# Underwater Camera



## fmader (Aug 8, 2018)

Does anybody use one of these? The reviews are fairly good and the price is definitely right. I am just always weary of buying these types of Amazon products that I've never heard of the brand for. I want a camera, but I can't afford most of them. This would fit into the budget. Thanks!

https://www.amazon.com/Eyoyo-Portab...spons&keywords=underwater+fishing+camera&th=1


----------



## leeabu (Apr 10, 2004)

Unless the water is very clear you will not see much with any camera. A good flasher is much more useful.


----------



## chaunc (Apr 11, 2004)

Just keep in mind that you get what you pay for. If you only get a few trips out of it, was it worth trying it. Always check the reviews on those type of products. Good luck if you choose to get one. I enjoy using my aqua vu micro. Had a couple others that didn’t work well.


----------



## fmader (Aug 8, 2018)

I’m likely to go with the aqua vu micro II if I get one. It’s $150 right now at Cabela’s.


----------



## One guy and a boat (Aug 8, 2018)

These peaked my interest also.

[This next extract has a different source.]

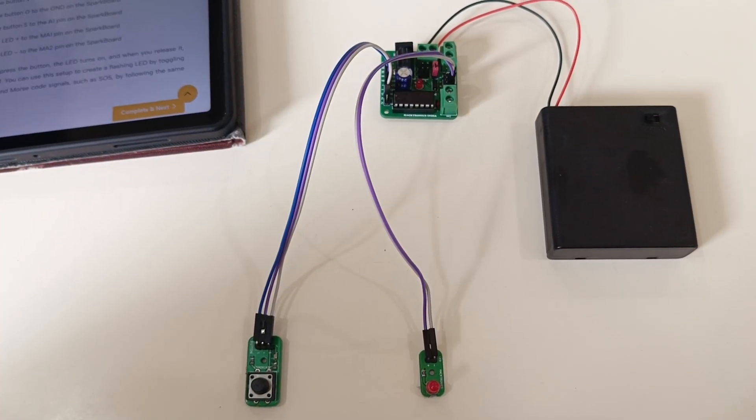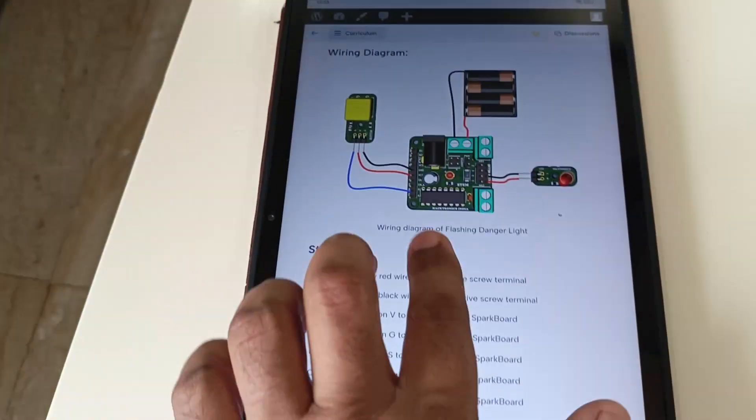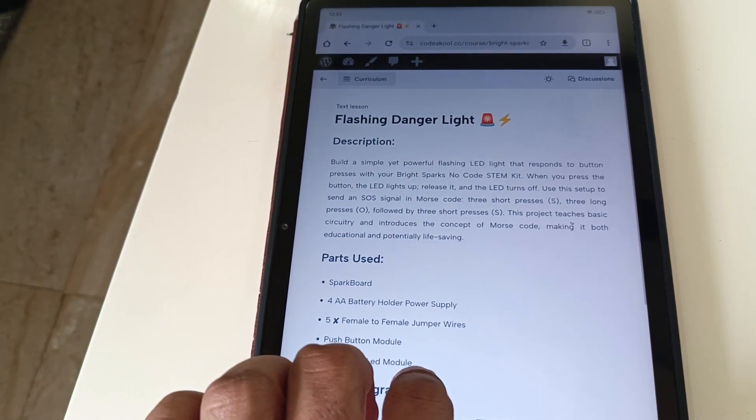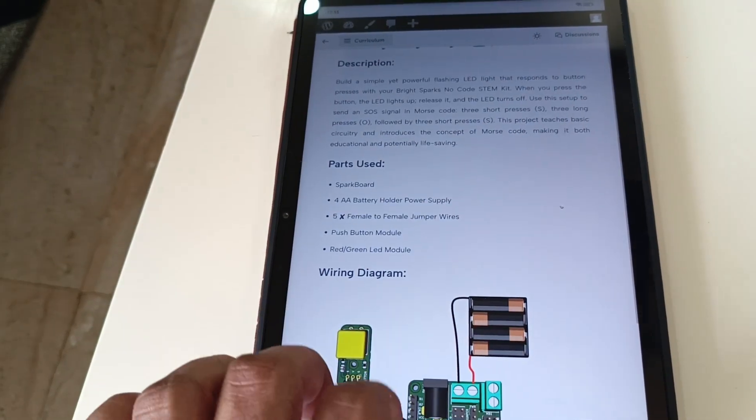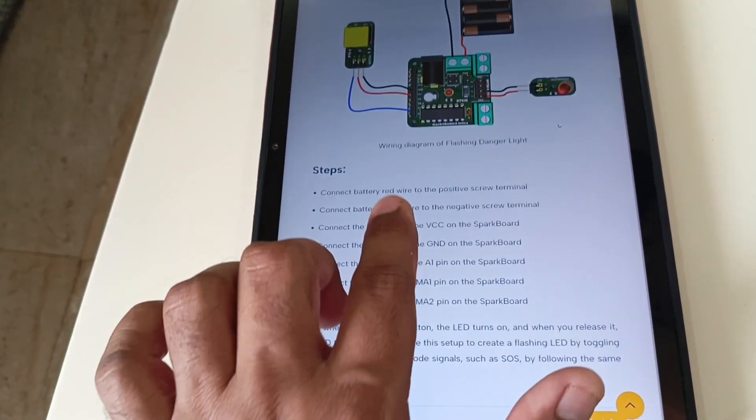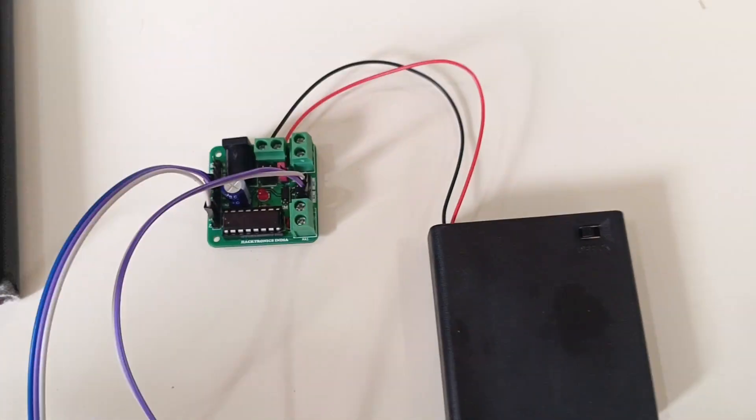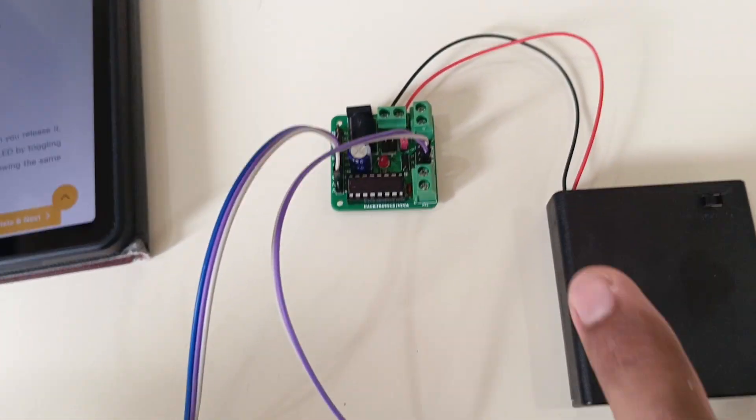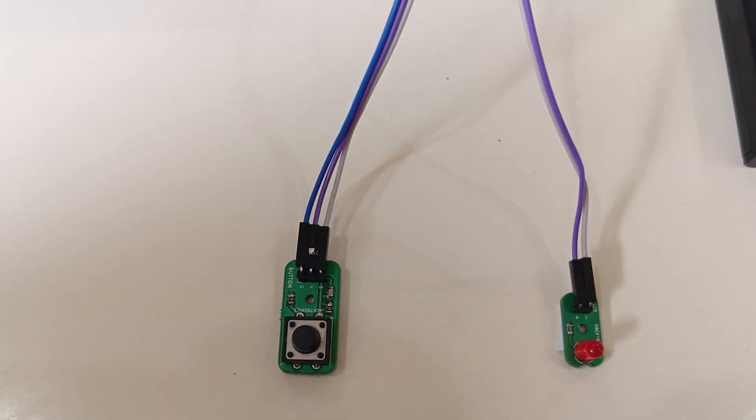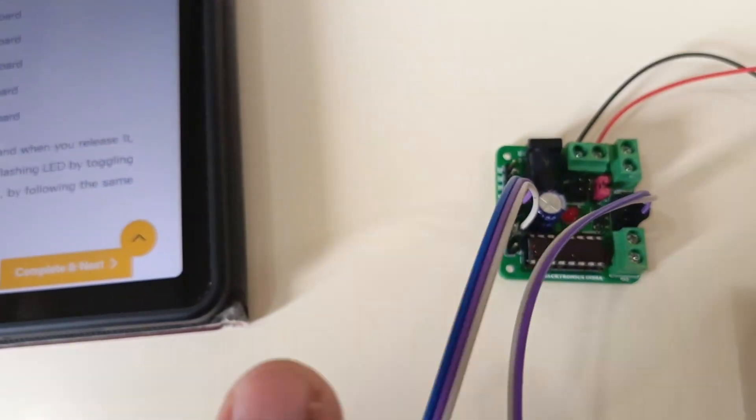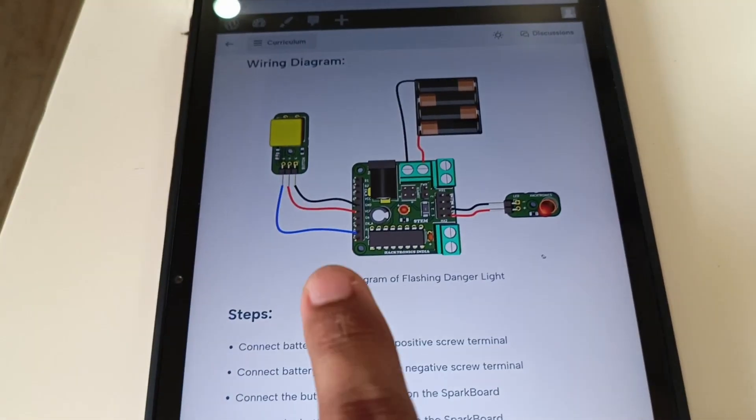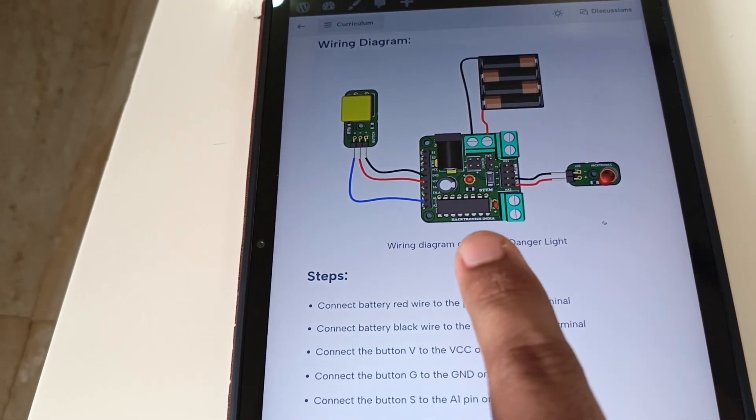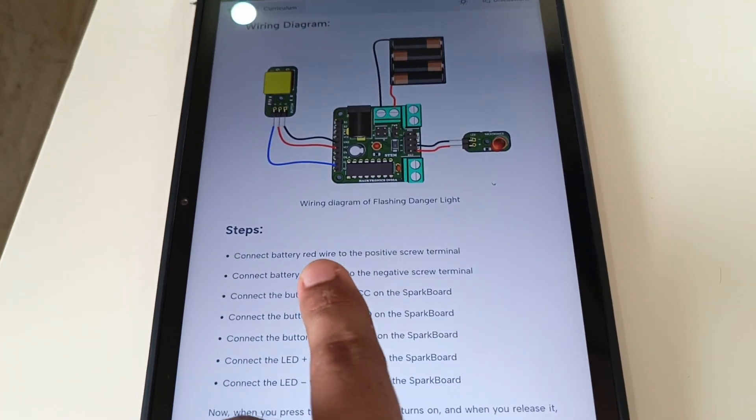Hello everyone, in this video we'll create our first project which is a flashing danger light. This is our circuit diagram and wiring. Always remember to keep the battery off and double-check the wiring at least twice to make sure every connection is right. Do not just look at the picture and connect, always read the description.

I'm early into researching, but the go fish cam seemed like a better camera and used your phone via WiFi for video. 

Sent from my LM-X410(FG) using Tapatalk


----------



## Harry1959 (Mar 17, 2011)

Fmader... the reviews on that camera are good, 75% were 4 or 5 stars.
I have a 10 plus year old black and white aqua view. It’s outdated, but still a valuable tool for me. I mostly just use mine crappie fishing. I fish a lot of submerged tree tops and the crappie tend to stay real close to them, so the water doesn’t have to be all that clear to identify the species. I never use mine to search for fish, but to identify after I have marked on sonar....... for you guys that had the old black and white monitor(has to be shaded to see screen), how much better is the aqua vu micro? I am thinking about upgrading. Thanks


----------



## Scum_Frog (Apr 3, 2009)

I run the Marcum LX-9 for ice fishing....love it....thinking on getting the Lowrance adapter so I can use my camera and connect it to my hds 12's on the boat!


----------



## Outasync (Mar 5, 2016)

I have the aquavu micro ii and it works great. As others have said its better to use to identify whats showing up on ur flasher than to search for fish. Look at aquavuz reconditioned units on their website. You can pick up the micro for 150 plus the case


----------